What is being asked:
Only the lines from the one with "440 West End Avenue image 1 of 16" to the end of the listing below should be set down, exactly as written and without any pictures.
┌─ Records to use
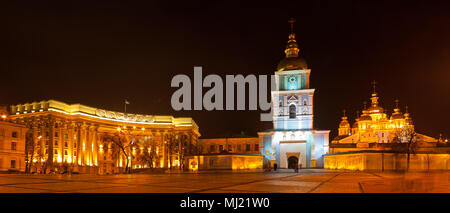 Panoramablick auf Mikhaylivska Square in Kiew Stockfoto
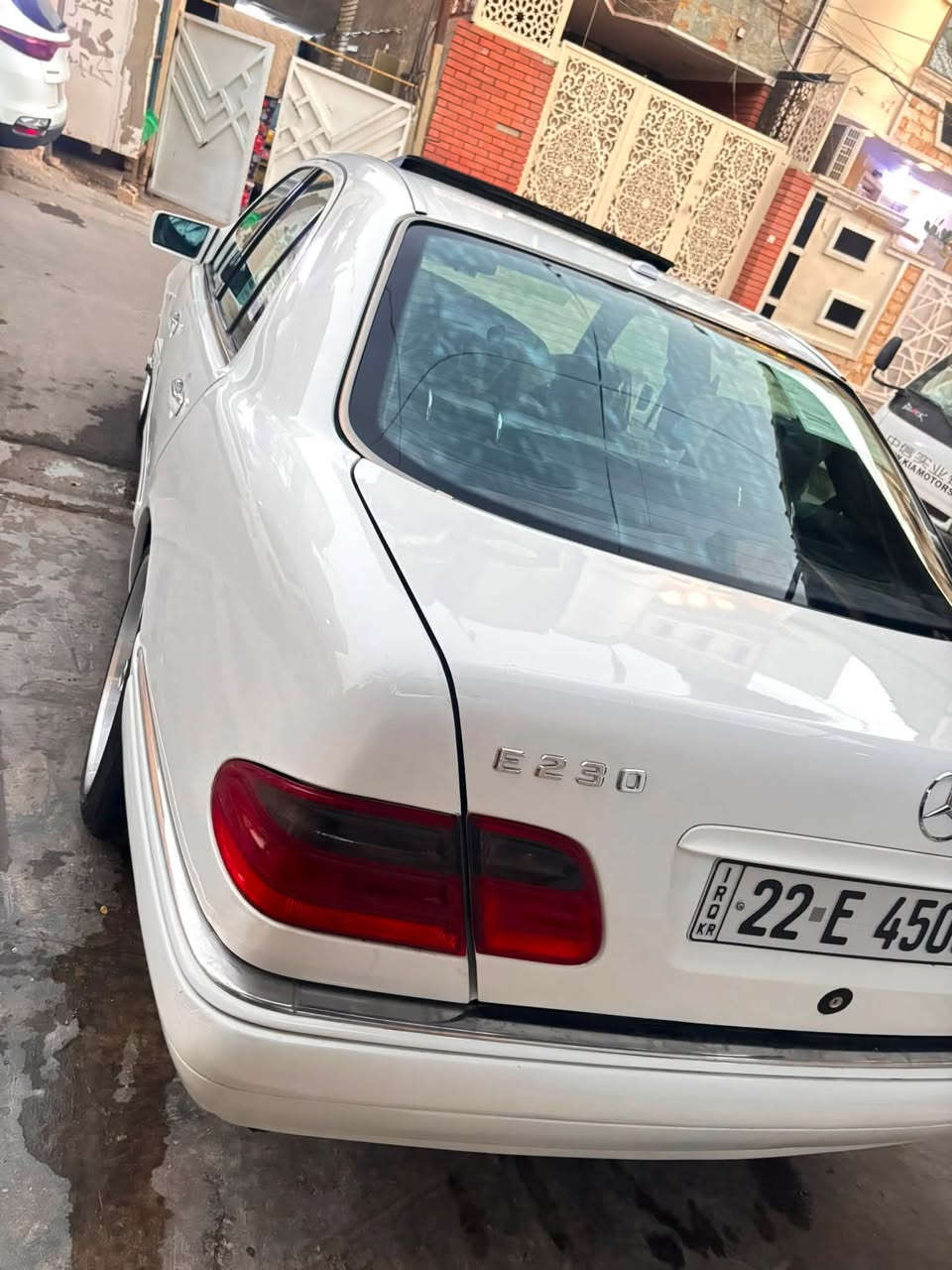السلام عليكم عندي مارسدس ام عيون w210 1996 e230 اربعة سلندر لون ابيض رقم اربيل بأسمي هزة بعدلهة شهر وتنتهي كير محرك خير من الله كير اوتماتيك سلايد روف جام كهرباء كشن كهرباء تجوة خلفية قلاب مري كهرباء +شفط تبريد ثلج + ثلاجة زراك لايت غرفة نضيفة سقف كنتارة ويل 18 اصلي عارضهة ب82 وبيهة مجال موجودة بغداد الجديدة للاستفسار ***********
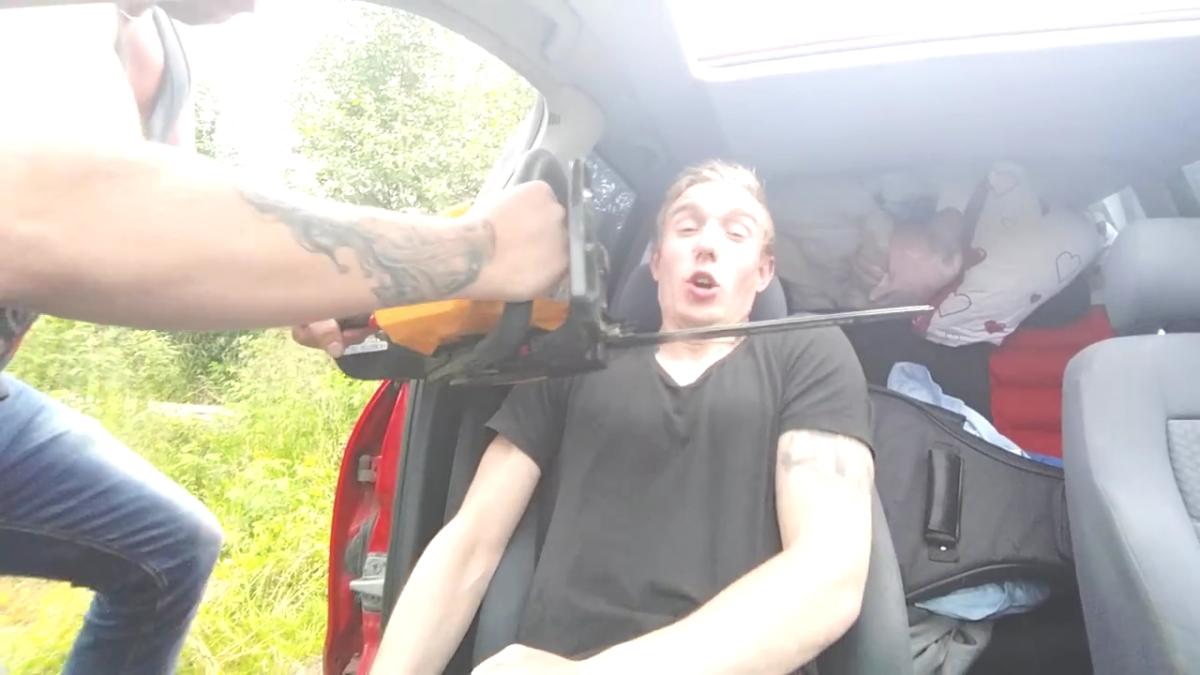 Arkadaşının boynuna elektikli testere dayadı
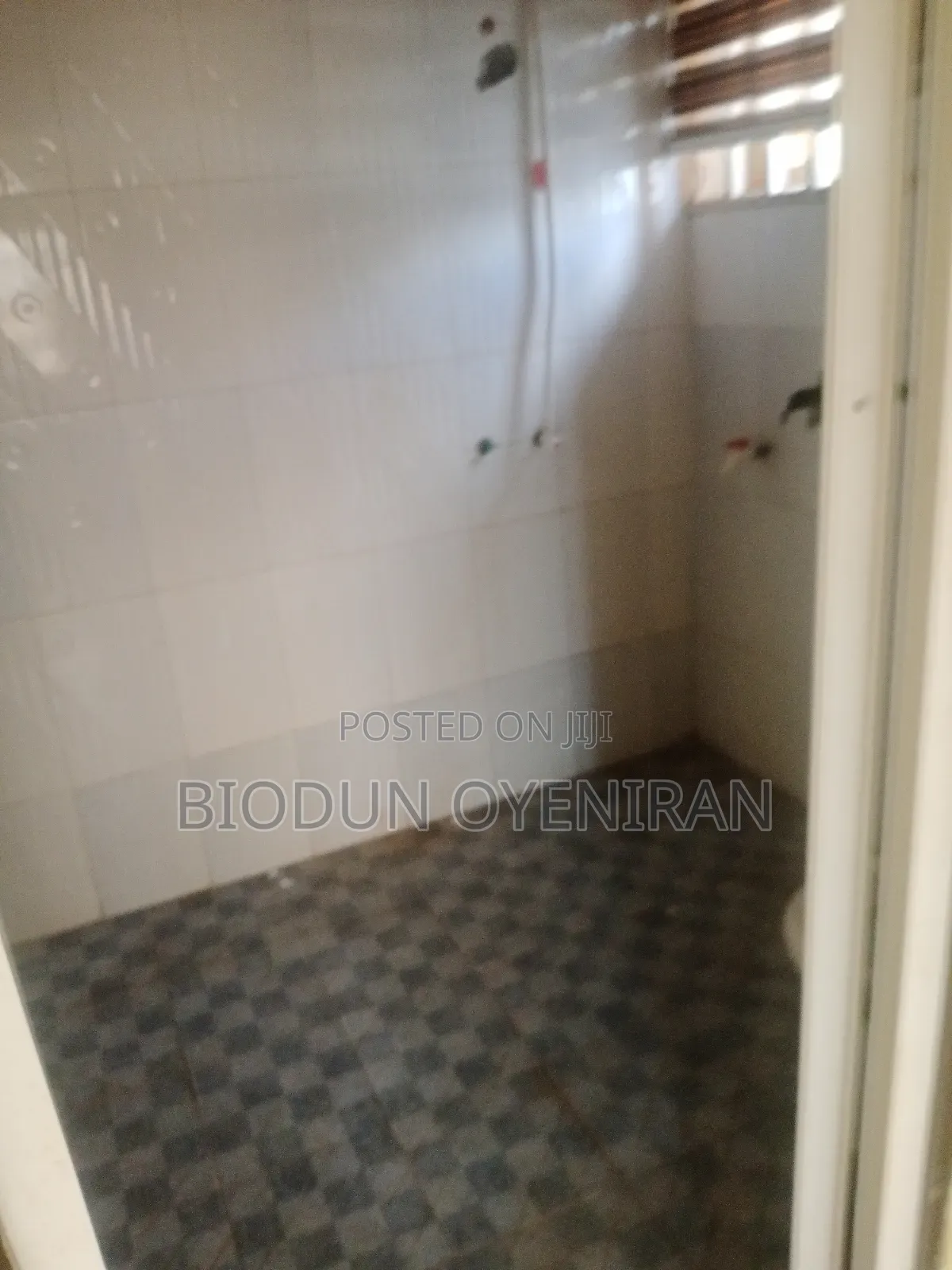3bdrm Block of Flats in Adelabu for sale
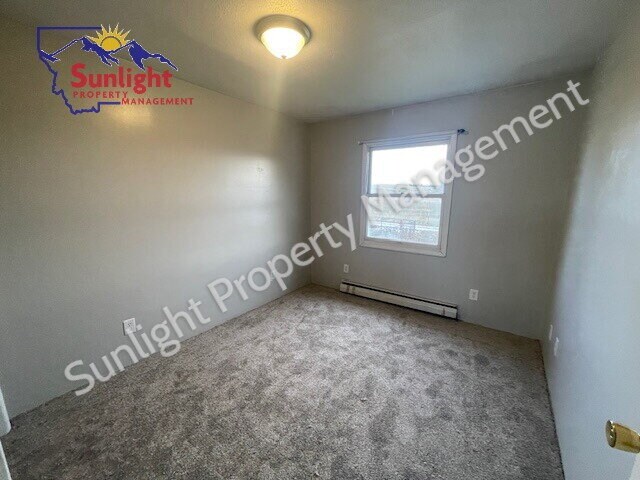 310 N Main St in Joliet, MT - Building Photo - Building Photo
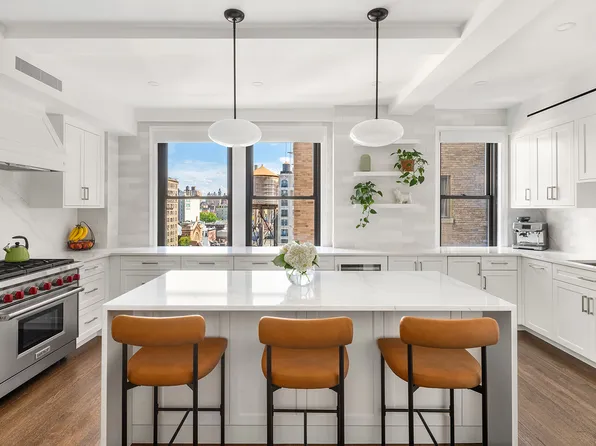 440 West End Avenue image 1 of 16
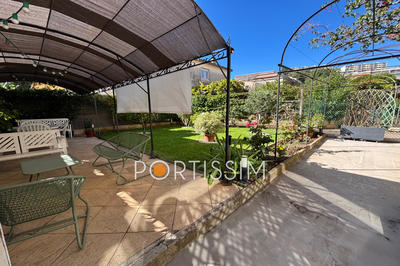 Appartement - 99 m² - 4 pièces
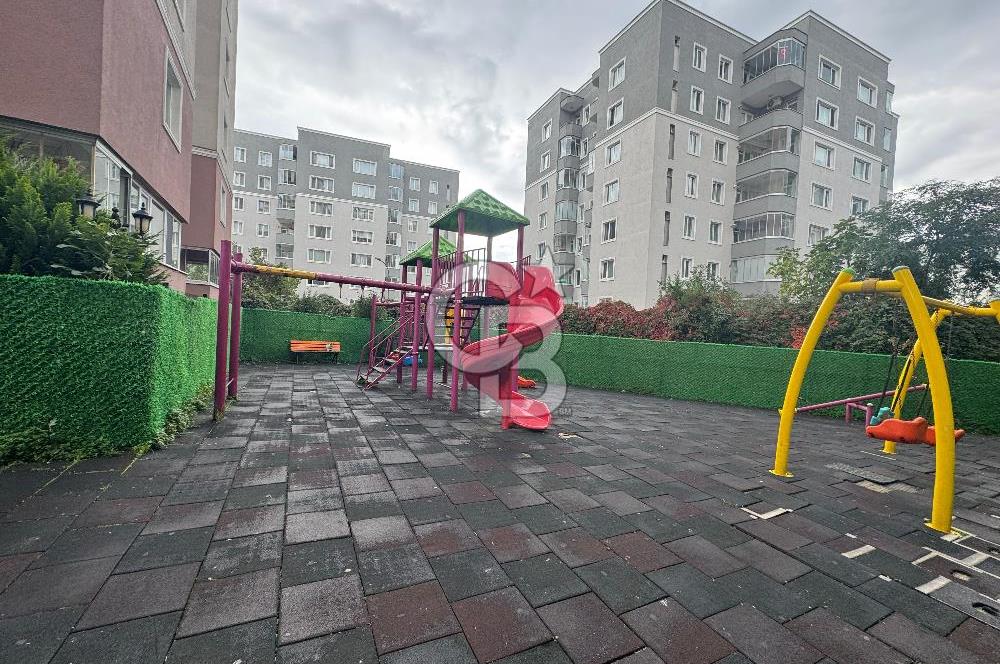 Çekmeköy Yeşil Belde Sitesi'nde 3 + 1 Geniş Daire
└─
Result of the task:
 440 West End Avenue image 1 of 16
 Appartement - 99 m² - 4 pièces
 Çekmeköy Yeşil Belde Sitesi'nde 3 + 1 Geniş Daire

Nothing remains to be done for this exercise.